Creo que Federico, merced a sus amplios conocimientos de lo esotérico debió usar ese texto execrable que recibió, el manuscrito de Cuzco, para conjurar una extraña presencia que propició un encuentro que nunca debió tener lugar. Tales fueron, además, las consecuencias de aquél acto, que una parte de nuestro mundo tomando como centro su casona e incluyendo a la ciudad de Santa María de los Ángeles, fue trasladada a través del éter a este lugar sin luna y rodeado por extrañas selvas. Las carreteras y caminos terminan abruptamente, formando barrancos o taludes. Nuestros animales han huido y en las raras ocasiones en las que se abre el cielo por la noche, las constelaciones que observamos nos son desconocidas. La selva empieza a hacerse dueña de este fragmento de nuestro mundo.

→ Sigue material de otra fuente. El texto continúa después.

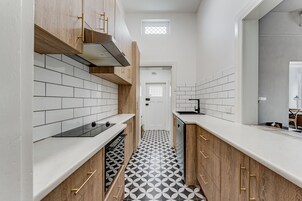 Una cocina estrecha con azulejos blancos tipo metro, armarios de madera y piso con estampado blanco y negro.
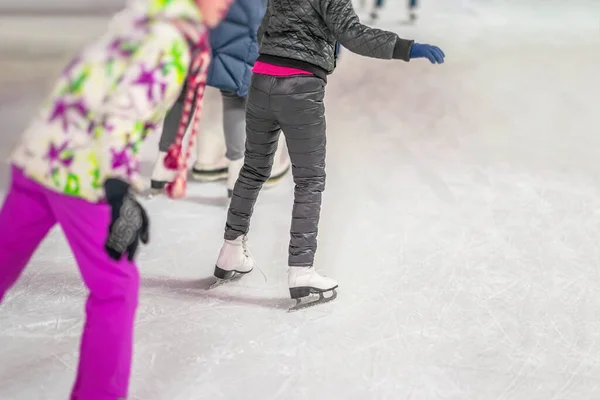 Group of children, girls are skating in the park on winter rink, motion blur, selective focus. Christmas, sport, healthy lifestyle. — Stock Photo, Image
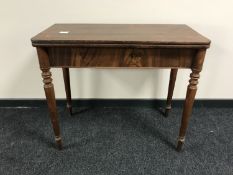 A late 19th century mahogany turnover top tea table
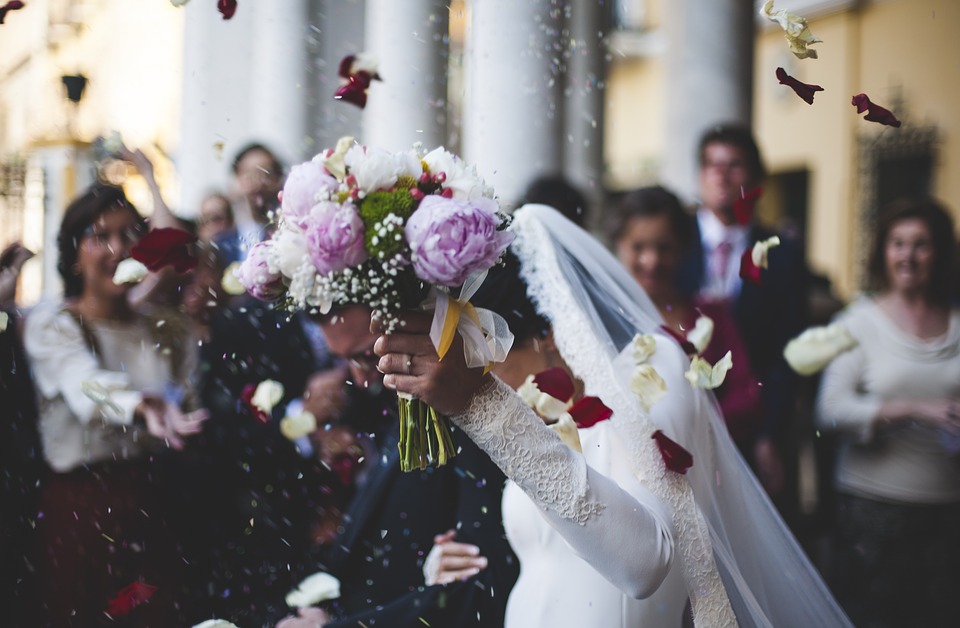 Couple with wedding bouquet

Nada sé de mi amigo, la presencia que él invocó debió arrastrarle hacia algún lugar aún más extraño que éste. Pero igual sucedió un intercambio y, en nuestro país, en el área donde se encontraba Santa María, haya ahora una extraña selva impenetrable, en cuyo centro es posible que puedan encontrarse él y ese ser cuya presencia invocó. Supongo que Federico debe estar muerto y yo rezo por su alma.
Todos tenemos miedo y muchos incluso se han suicidado. Hay noches en las que desaparece alguno de nosotros entre el rumor de unas flautas blasfemas.
Escribo este texto para que se sepa qué sucedió aquí, por si alguien sobrevive y por si de alguna manera nuestra ciudad es restituida a su mundo.
¡Dios Padre, acógenos en tu seno! ¡Santa María, Madre de Dios, ruega por nosotros!